=== Work request ===
Begin at the line containing "2026 Aston Martin DBX - Image 4 of 8" and restate it and each line after it exactly, up to and including the last line below. Leave pictures out.

=== Given material ===

_ _ _ _

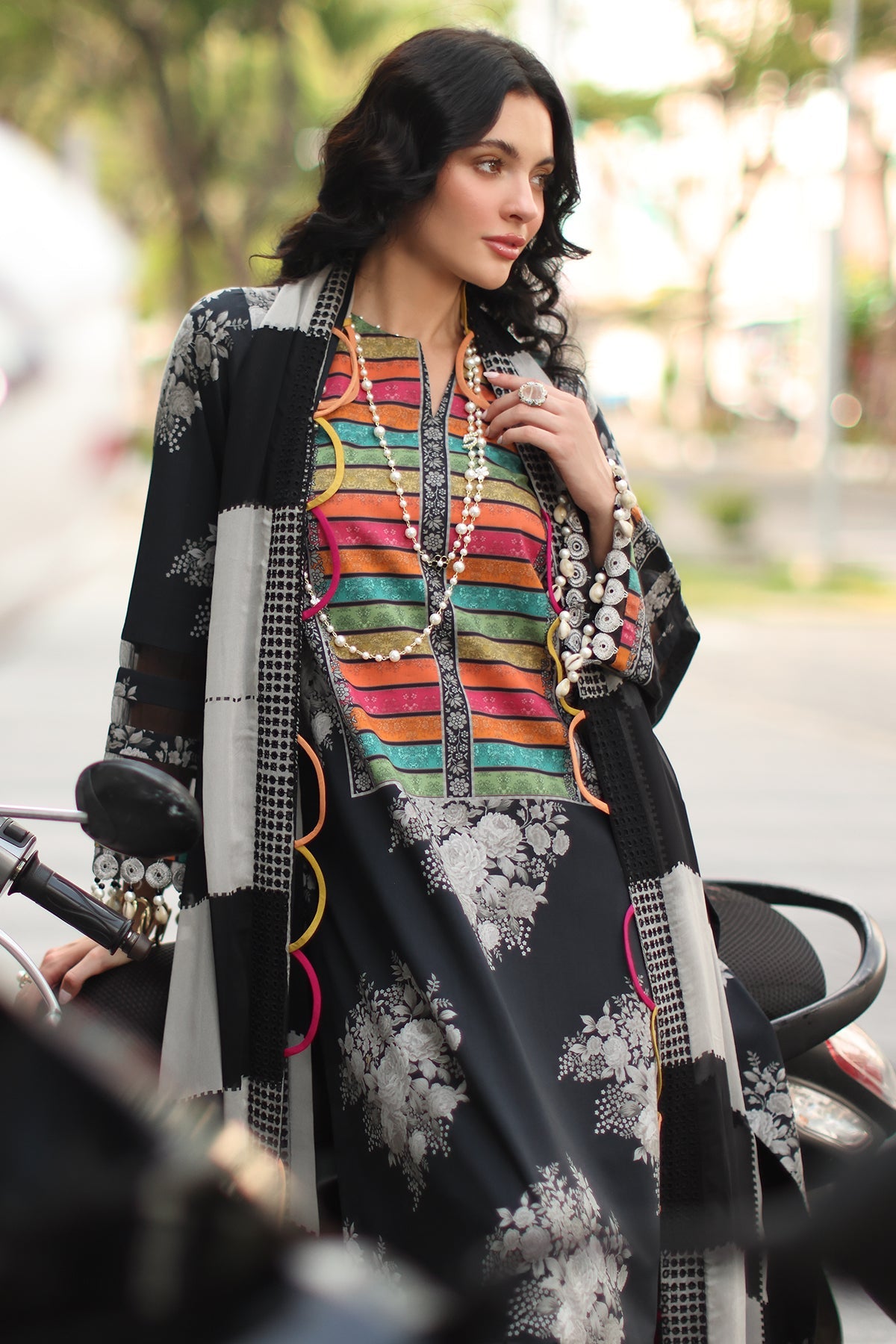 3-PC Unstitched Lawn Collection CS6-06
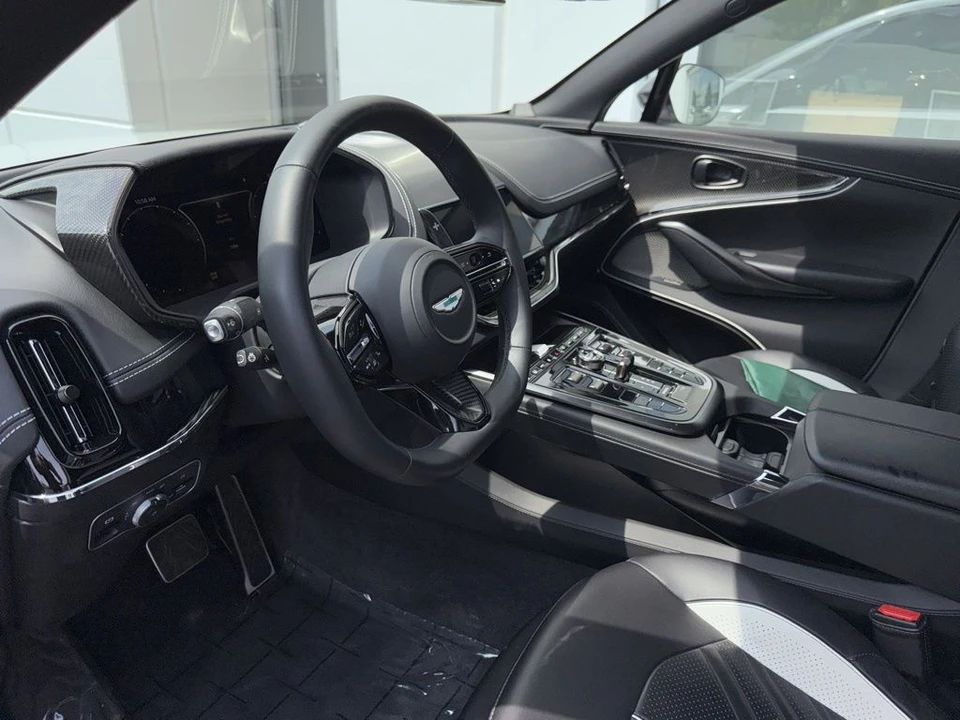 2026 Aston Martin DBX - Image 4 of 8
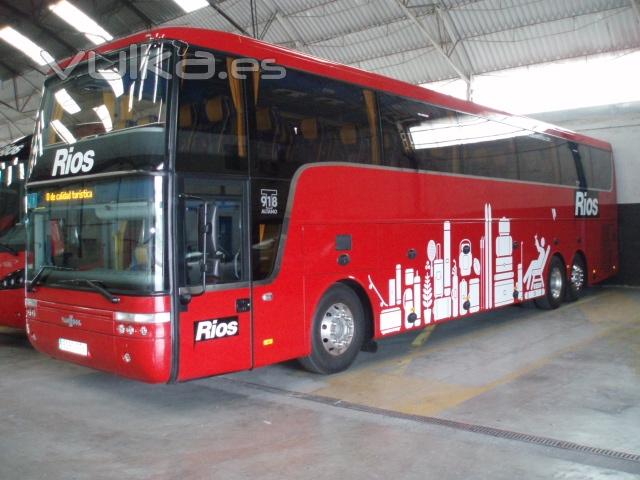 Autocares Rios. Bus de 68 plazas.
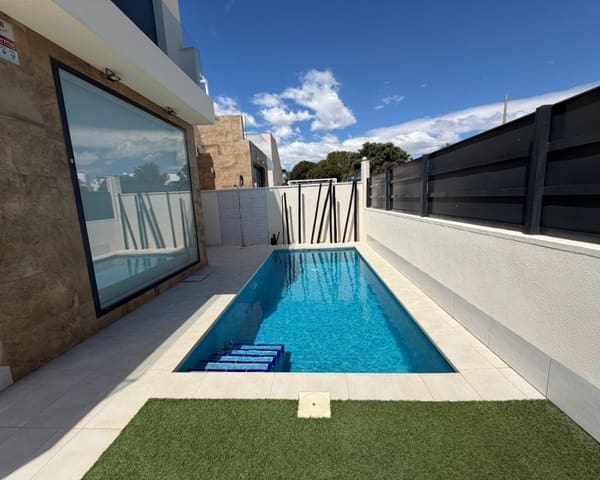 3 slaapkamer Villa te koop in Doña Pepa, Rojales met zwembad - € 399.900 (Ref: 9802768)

_ _ _ _

=== Response to this task ===
 2026 Aston Martin DBX - Image 4 of 8
 Autocares Rios. Bus de 68 plazas.
 3 slaapkamer Villa te koop in Doña Pepa, Rojales met zwembad - € 399.900 (Ref: 9802768)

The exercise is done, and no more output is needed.